Friday, January 16, 2009

My Workshops

F. débaucher is, according to Littré and Hatzfeld, derived from n. bauche, of which the precise sense and origin are according to the latter unknown; according to the former it = ‘a place of work, workshop’, so that desbaucher would mean orig. ‘to draw away from the workshop, from one's work or duty’.

Oxford English Dictionary

I usually introduce my writing workshops by explaining the etymology of "debauchery". Today, the words means "a vicious indulgence in sensual pleasures", but it stems from "seduction from duty, integrity, or virtue; corruption." The modern sense of "debauch" apparently emerged in the 17th century, i.e., at the beginning of the modern era, when we began to separate the pursuit of profit from the pursuit of pleasure.

Workshopping is the attempt to "get back to work". In a workshop, we try to take craftsmanship seriously and derive pleasure from the first-hand manipulation of materials. Quality in any art, I believe, depends on integrating (and in our age this means reintegrating) productivity and sensuality, industry and creativity. It is the opposite of the vicious indulgence in sensual pleasures, the pursuit of false pleasure, we might say. Quality is a true pleasure; it is the sensuality of work.

My workshops try to establish the microcosm of a writer's bauche, a place of (pleasurable) literary work. This semester, we will meet on Tuesdays and Wednesdays as often as possible for two-hours (sixteen meetings in all). We work on a one-page (14 point, Times New Roman, double-spaced) sample of text that has been submitted by one of the participants, editing it together in Word using an overhead beam projector.

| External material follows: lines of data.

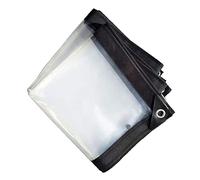 Lona transparente impermeable de 3 x 6 m con ojales, cubierta de plástico transparente resistente para jardín, motocicleta, protección al aire libre, camping y lona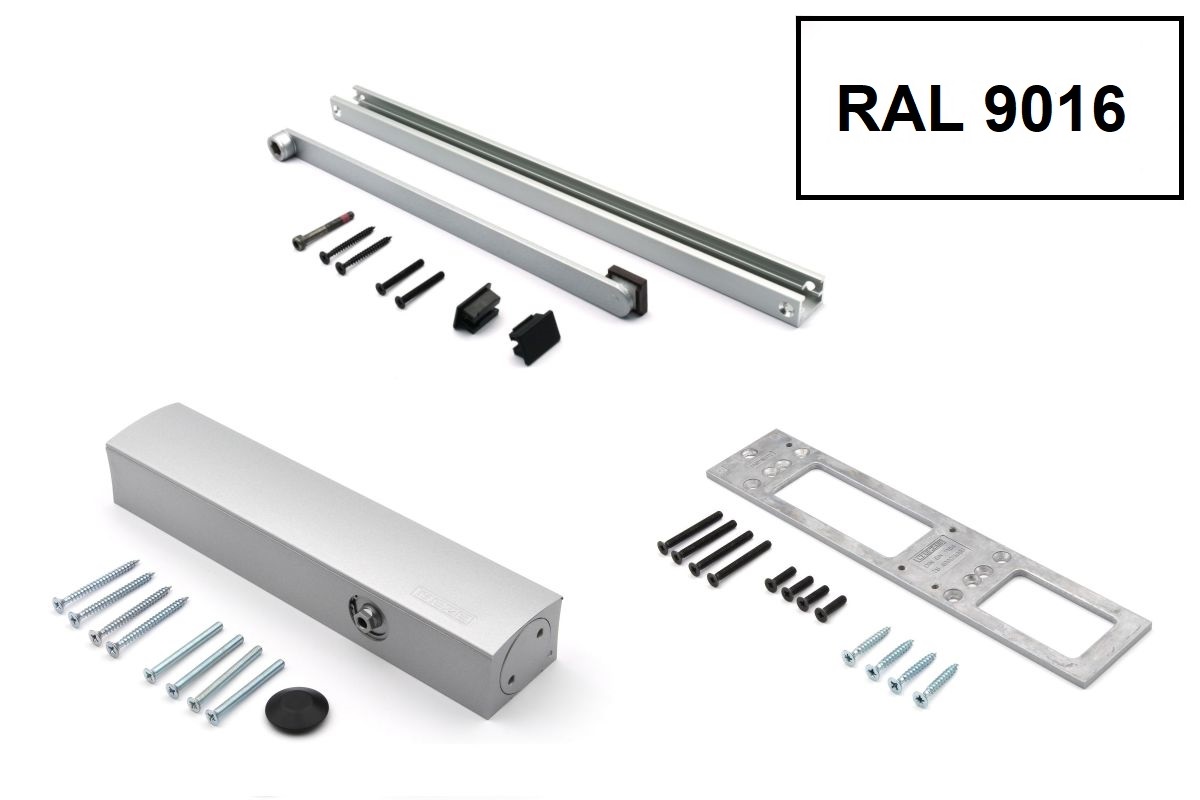 GEZE TS 5000 Komplettpaket weiß, 027335 + 068627 + 015695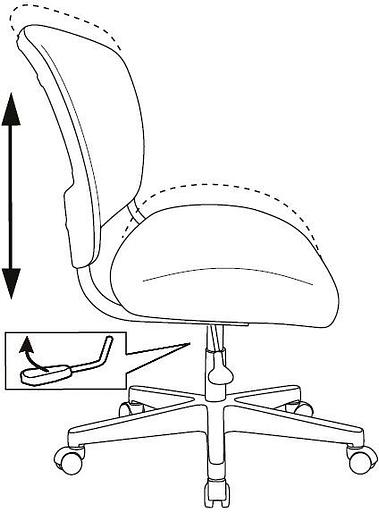 Кресло детское Бюрократ CH-W296NX светло-серый TW-02 овечки сетка/ткань крестов. пластик пластик белый фото 10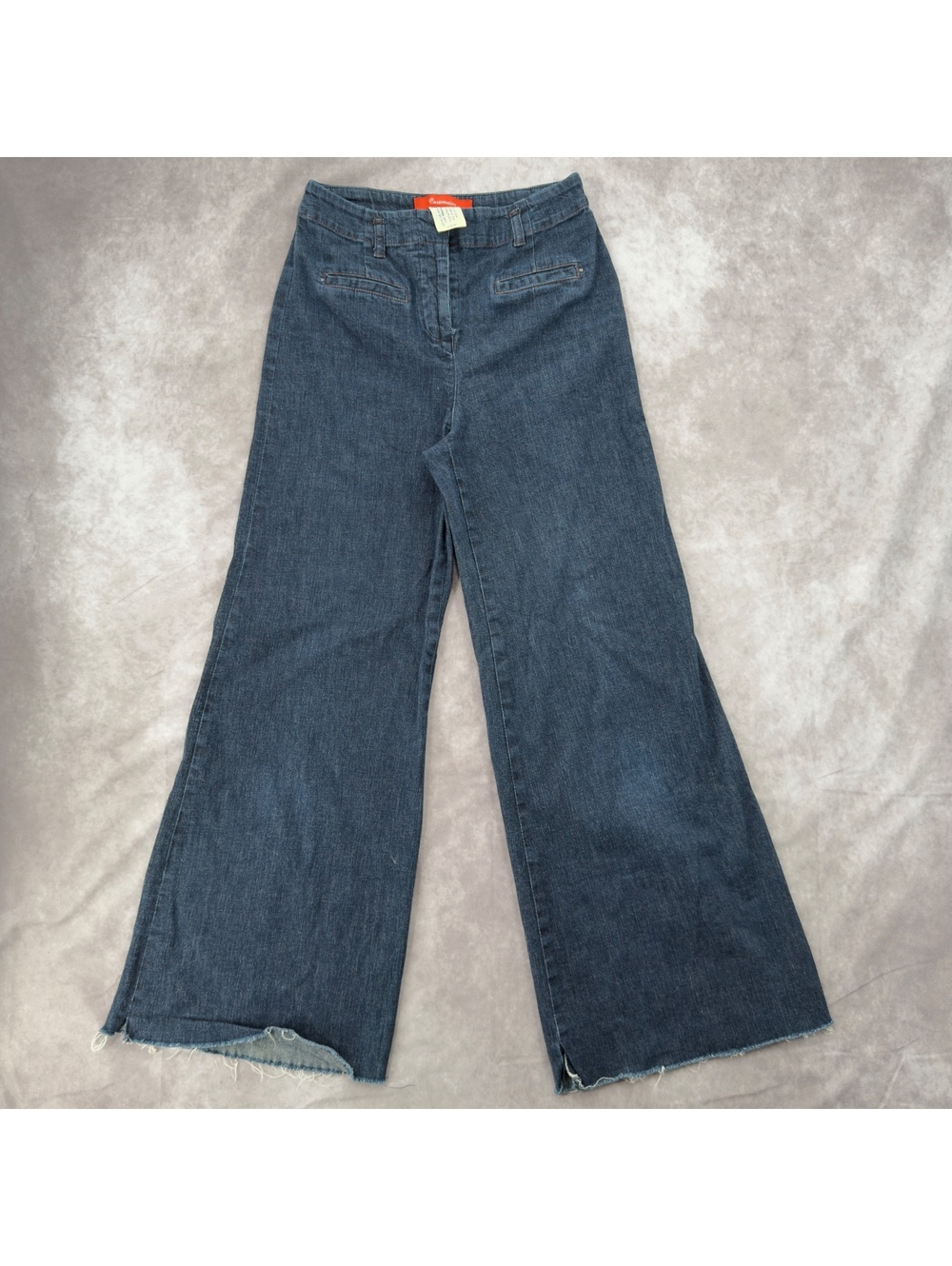 Cartonnier Anthropologie Wide Leg Raw Hem Denim Jeans Size 2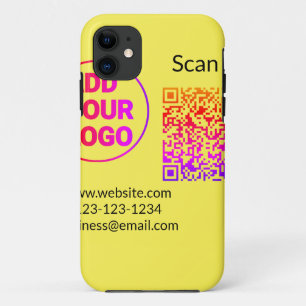 Case-Mate iPhone Case Code QR simple minimaliste ajouter un logo scanner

Only the materials, our interests and time constrain what we do. While it is sometimes hard work, it is an enjoyable way of improving a text. I think one of the reasons it is so much fun, both for the participants and for me, is that we do not try to reduce improvements to rules of style or grammar. I will, of course, sometimes mention a stylistic virtue, or correct a grammatical error, but the aim is not to teach "good English". The aim is to develop a sensitivity for good prose. We try to learn what works in a text and what does not work. And we learn this by doing. It is a workshop, not a classroom.